The second major context is how evolution was taught in the first half of the twentieth century and the importance of the acorn worm in that story. The acorn worm was something of an emblem of what a primitive version of us in the phylogenetic tree might look like, the point where one moved from invertebrates to vertebrates. Typical of this is something like Dennis Hird’s in A Picture Book of Evolution (1906), which argues that the acorn-worm (Balanoglossus) is the most primitive member at the very bottom of the vertebrate class, because it possesses in rudimentary form the three defining features that unite all back-boned animals: gill-slit openings in the alimentary canal for breathing, a very short notochord located within its collar and projecting into its large proboscis, and a short nerve-tube also found in the collar, which in higher vertebrates develops into the spinal cord. Like others of the time, Hind says it entitles us to place this "marvellous worm" at the foundation of the entire vertebrate lineage. That’s the first piece. The second piece is that some acorn worms reproduce asexually.

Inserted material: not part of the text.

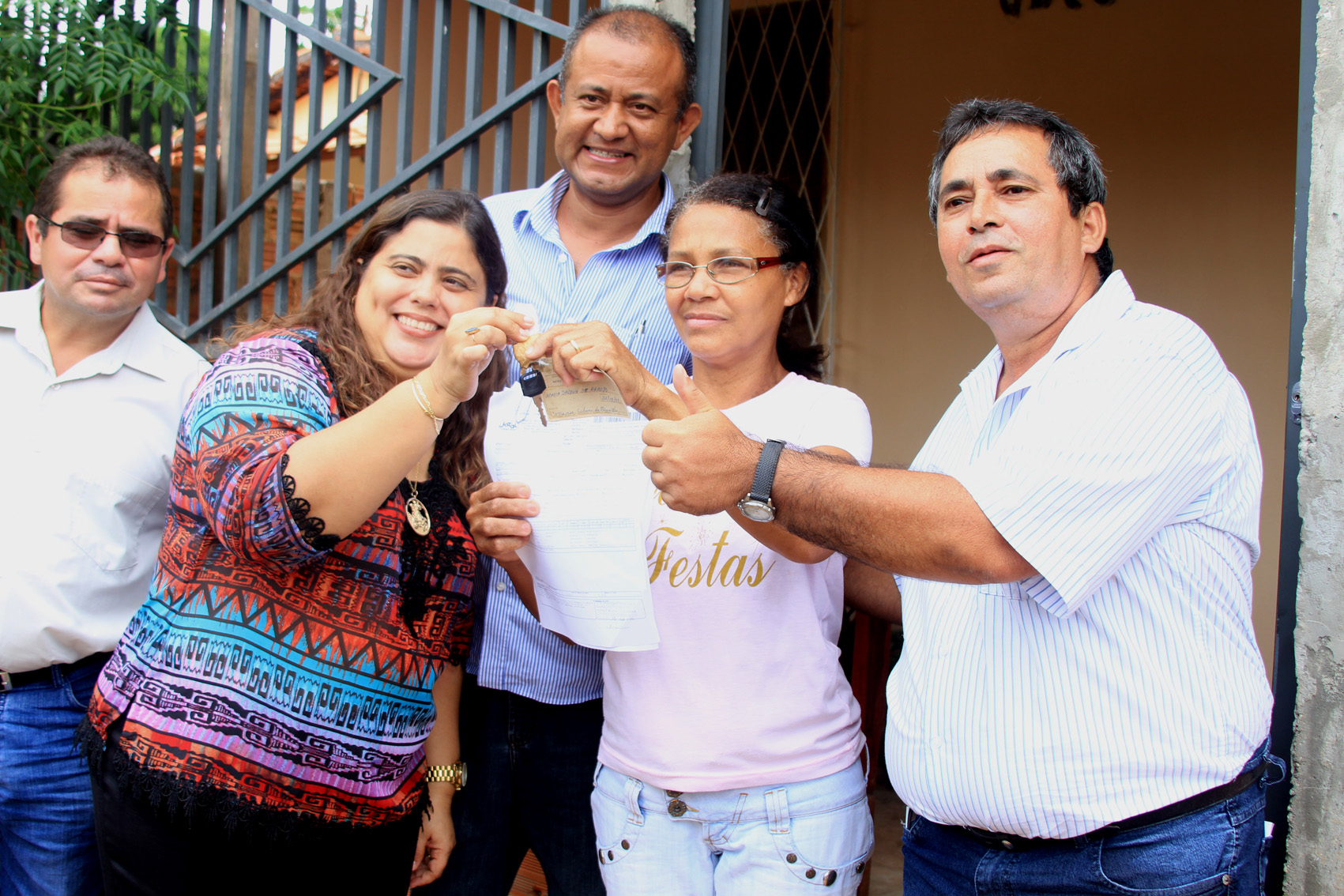 Prefeitura de Altos premia contribuintes municipais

At the end of the story, Lafferty offers two explanations for the thirty-five-year sterility, both presented as if only one can be true. The first is the official scientific account: the solar system passed through an area of cosmic radiation that temporarily suppressed fertility. The second is the folk belief that proximity to McGonigal's Worm somehow restored it. I have called the kind of associative structure Lafferty uses here palimphanic, rather than the more straightforward didactic moves that are easier to track in his fiction. What he seems to be doing is inverting each explanation so that it is right about the other and wrong about itself. The cosmic radiation (a natural force passing through the world from outside) is really an act of God, a chastisement visited upon a species that was already voluntarily choosing sterility. It is "cosmic" in the religious sense:


“The point,” said Hegnar . . . “is not whether sterility could have been caused by cosmic forces. Of course it could have been. It could have been caused in twenty ways. The miracle is that fertility had ever been possible . . . Who can say what cosmic forces are conscious? Or even what it means to be conscious?”

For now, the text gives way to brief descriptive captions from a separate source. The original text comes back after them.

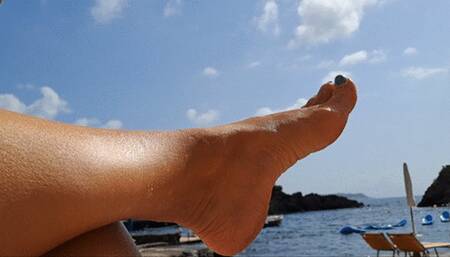 SEXY FEET AND CRASHING WAVES
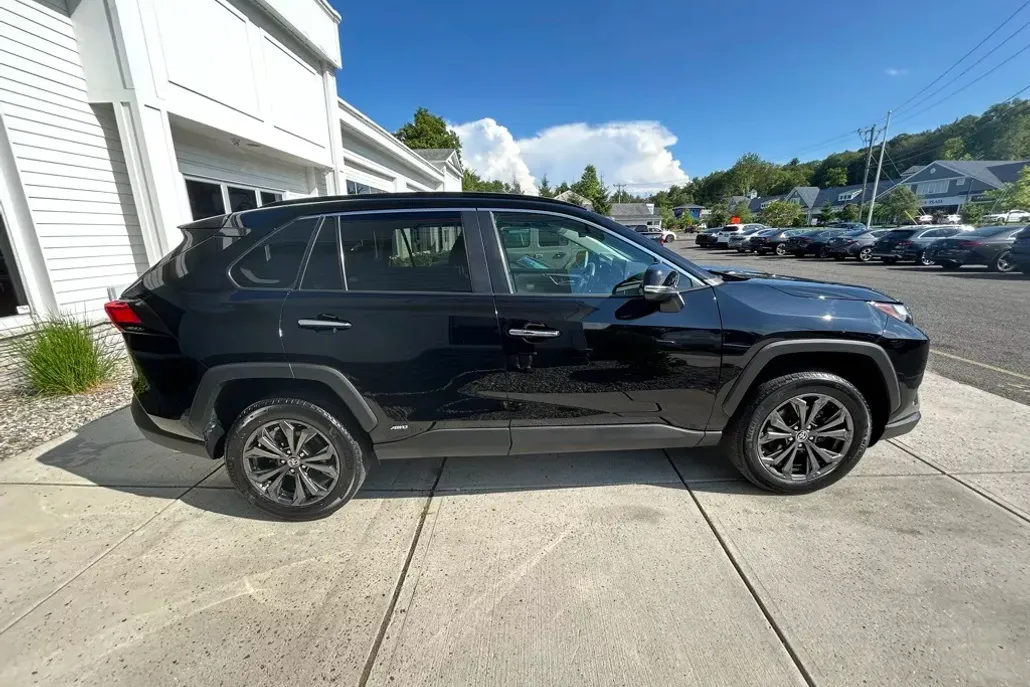 2023 Toyota RAV4 Hybrid Limited photo 1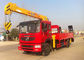 Dongfeng 4x2는 4 톤 기중기 트럭, 2개의 차축 트럭 망원경 기중기를 거치했습니다 협력 업체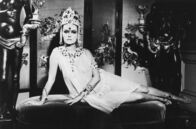 Mata Hari - Agent H. 21 – Mata Hari (Jeanne Moreau): geheimnisvolle Tänzerin und gerissene Spionin?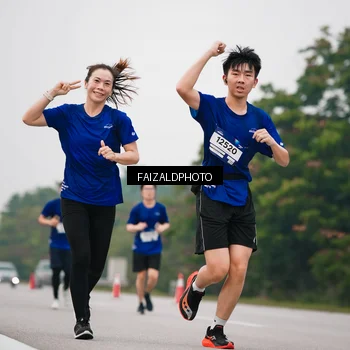 Runner Photo 7434589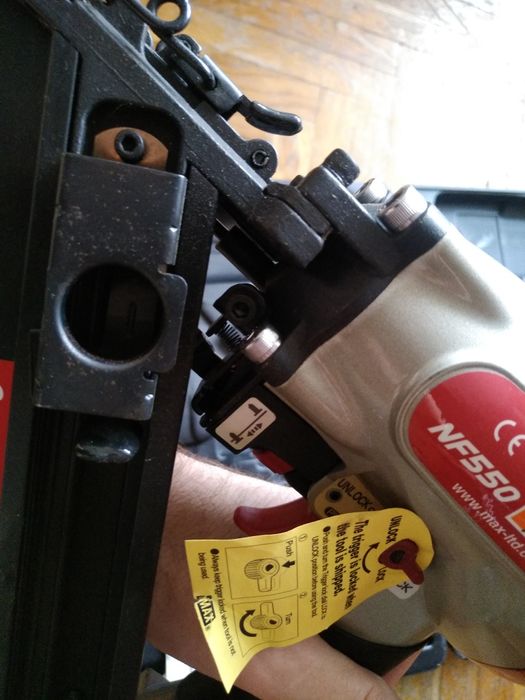 пневмопистолет нейлер Max NF550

Meanwhile, the superstition about the worm is wrong in its fetishism—the worm is not a fertility charm—but basically right in its intuition. The acorn worm, which evolutionary science places at the very root of the chordate tree as the most primitive ancestor of all vertebrates, is for Lafferty not an exhibit in the case for natural selection, but a sacramental sign of God’s original gift of life. The evolutionist sees the acorn worm as a just-so story of phylogenetic ascent; Lafferty sees it as a symbol of life as sacred. That acorn worms look so phallic is part of the story’s joke, with Georgina's squeamishness.

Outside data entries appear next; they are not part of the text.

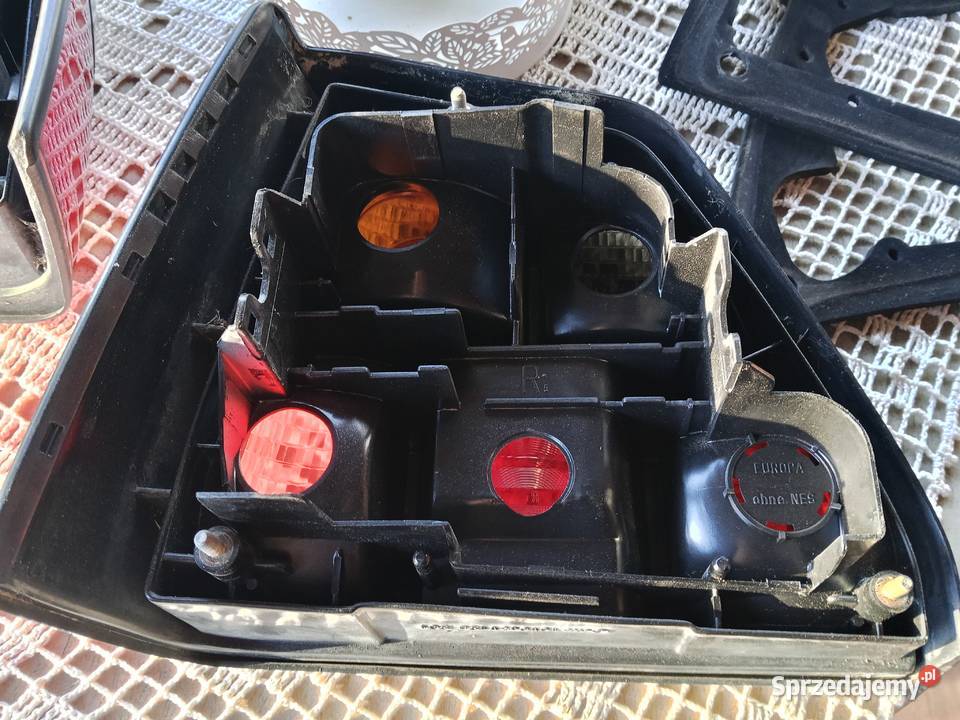 Lampy dymione Hella black red Golf 2 MK2 Frysztak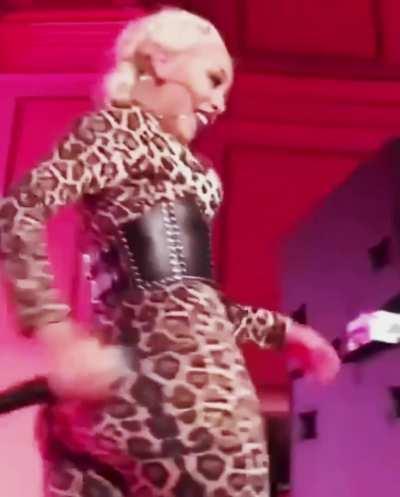 Obsessed with Doja Cat's body today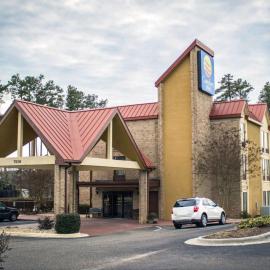 Comfort Inn & Suites Fuquay Varina, hotel em Fuquay-Varina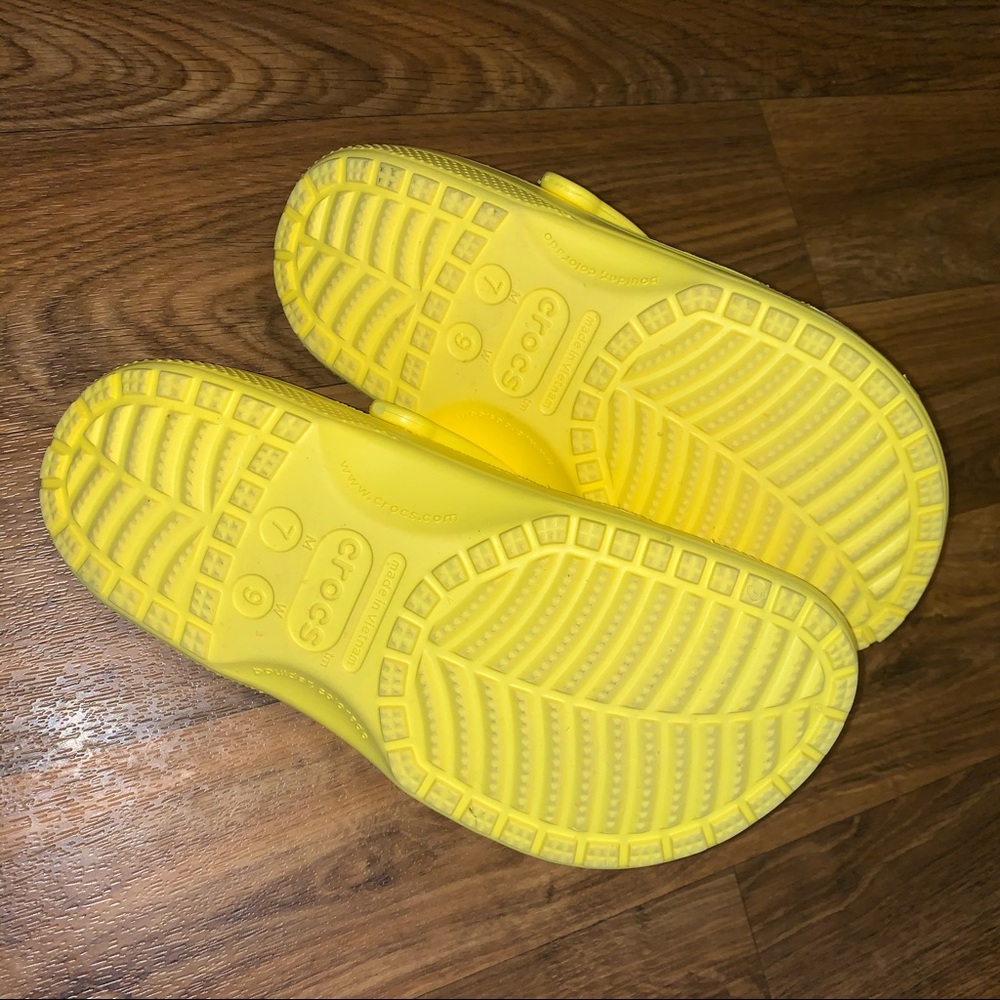 Yellow Crocs - Picture 3 of 4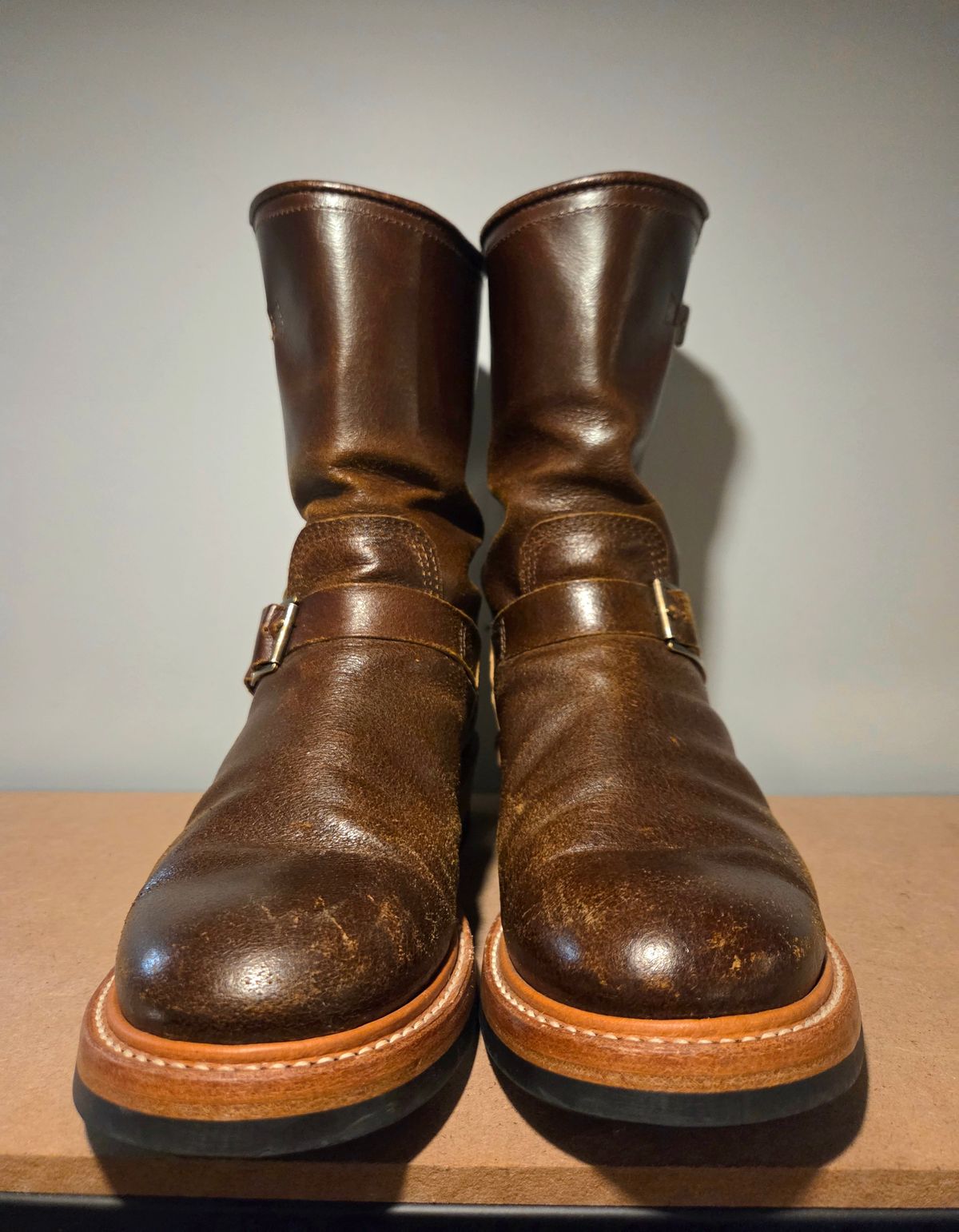 Photo by farroyo81 on December 4, 2025 of the John Lofgren Wabash Engineer Boots in Horween SHF Horsehide Havana.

The two endings are a bit difficult because they are true (within the story) when understood figuratively and false when understood positivistically (cosmic radiation) and then superstitiously (fertility fetish):


The official explanation is that the Earth and its solar system, for a period of thirty-five years, was in an area of mysterious cosmic radiation. And afterwards it drifted out of that area. But there are many who still believe in the influence of the McGonigal's Worm.